What you are asked to do ::
Exactly the lines from the one containing "디바인 포츈 대박당첨 DIVINE FORTUNE BIGWINS" through the one containing "小红书开店流程是什么？开店需要满足哪些条件？" in the listing below are to be copied, with the pictures left out.

Recorded data ::
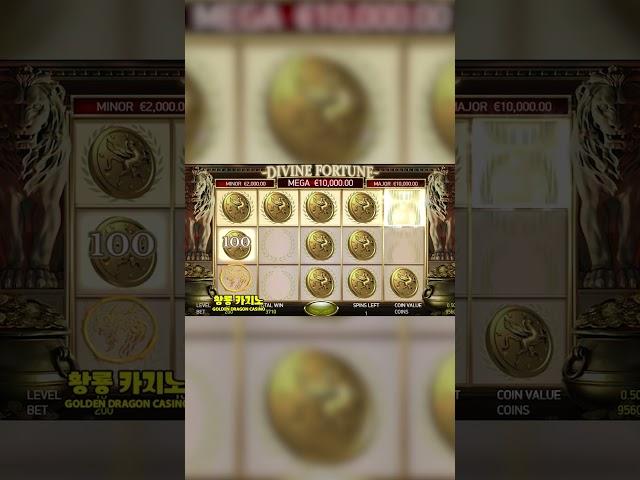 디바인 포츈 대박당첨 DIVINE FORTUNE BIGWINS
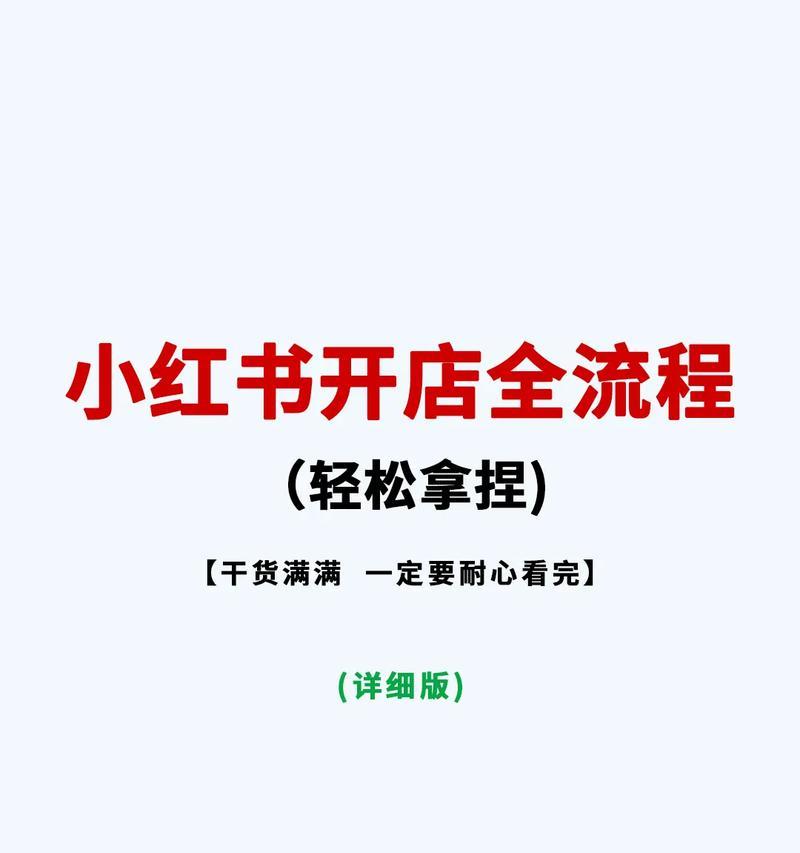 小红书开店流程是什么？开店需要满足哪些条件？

==

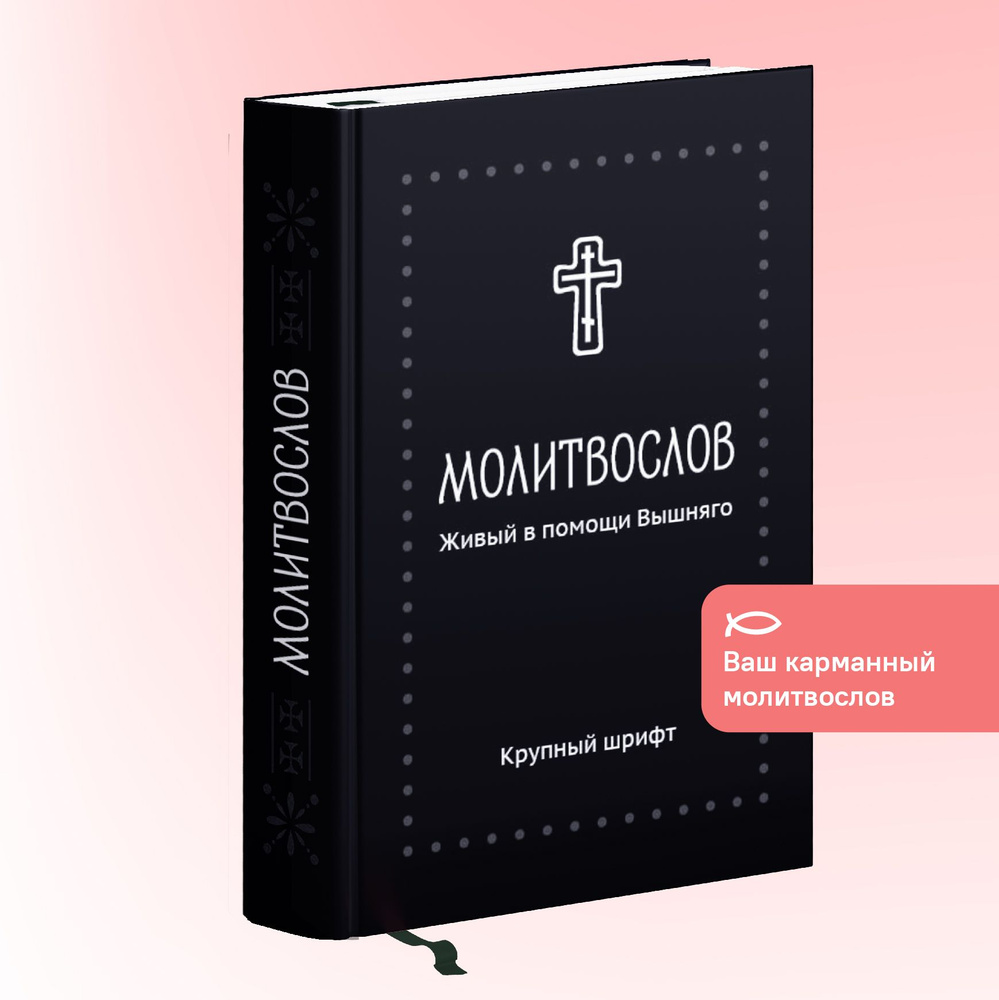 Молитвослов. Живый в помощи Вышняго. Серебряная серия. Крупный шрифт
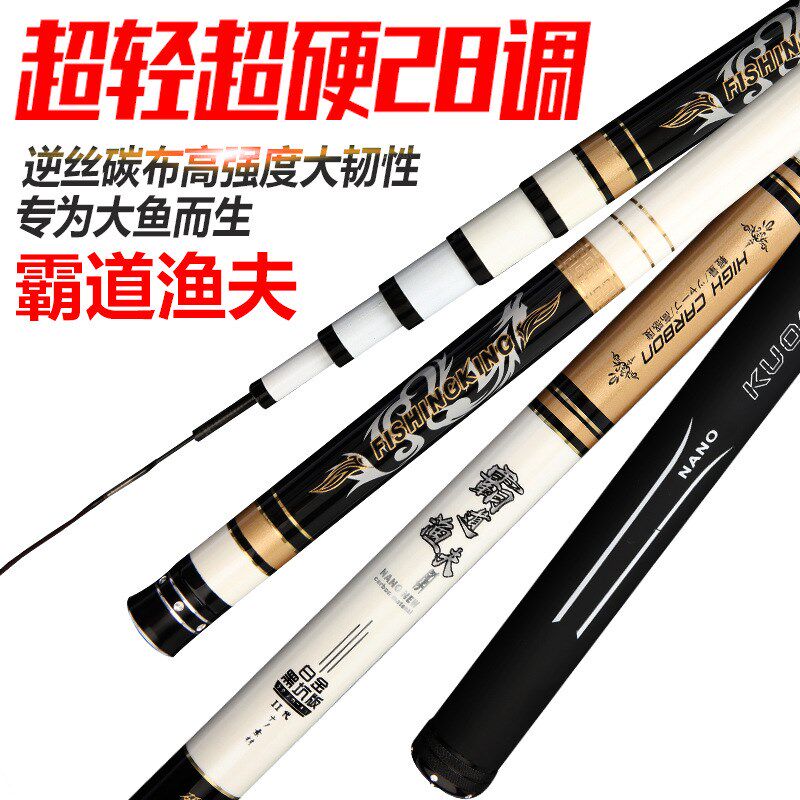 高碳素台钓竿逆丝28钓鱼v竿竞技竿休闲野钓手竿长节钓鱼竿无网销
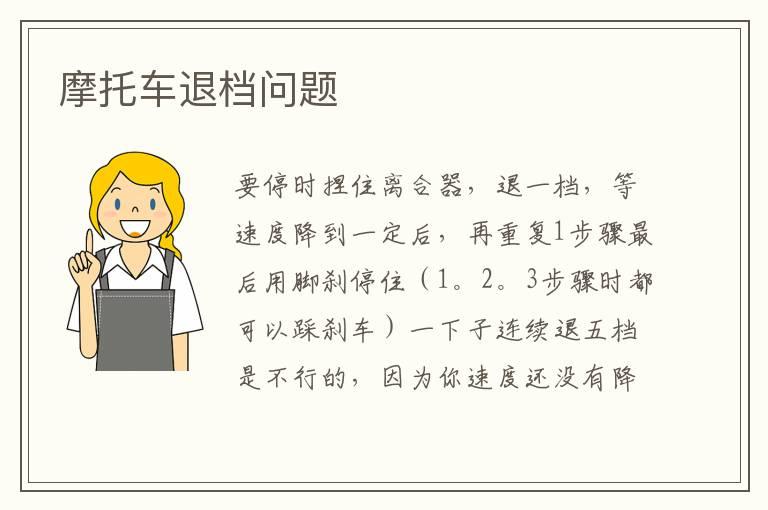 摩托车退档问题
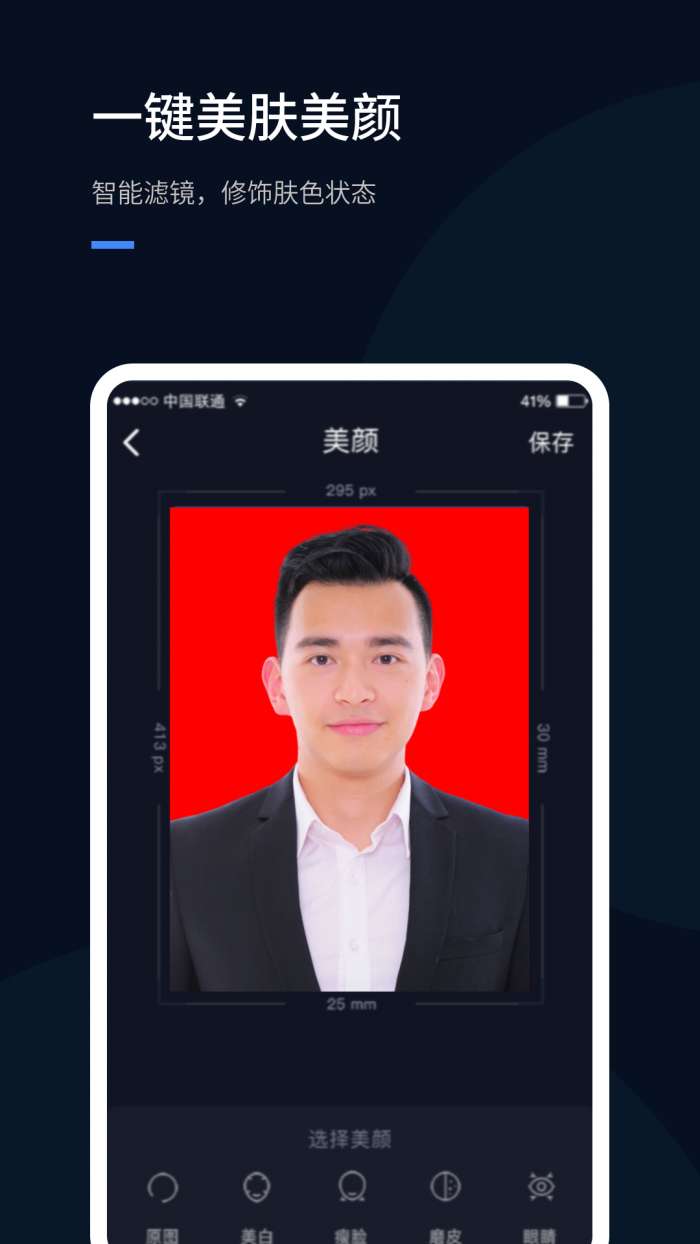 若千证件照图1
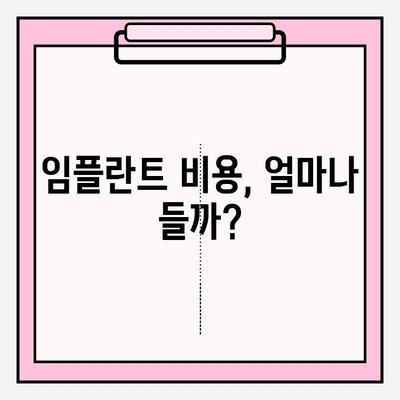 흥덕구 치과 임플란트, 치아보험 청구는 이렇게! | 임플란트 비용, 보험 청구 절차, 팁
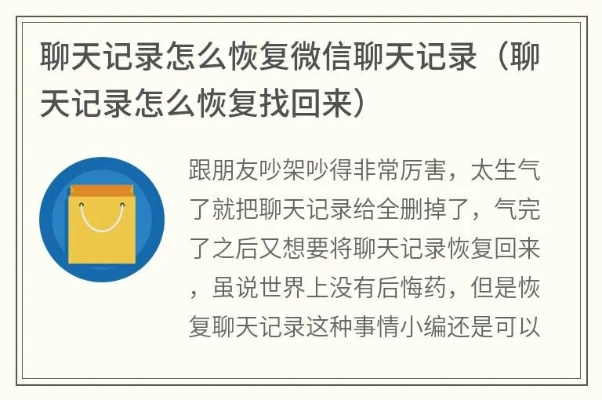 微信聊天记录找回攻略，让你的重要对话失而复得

Your response ::
 디바인 포츈 대박당첨 DIVINE FORTUNE BIGWINS
 小红书开店流程是什么？开店需要满足哪些条件？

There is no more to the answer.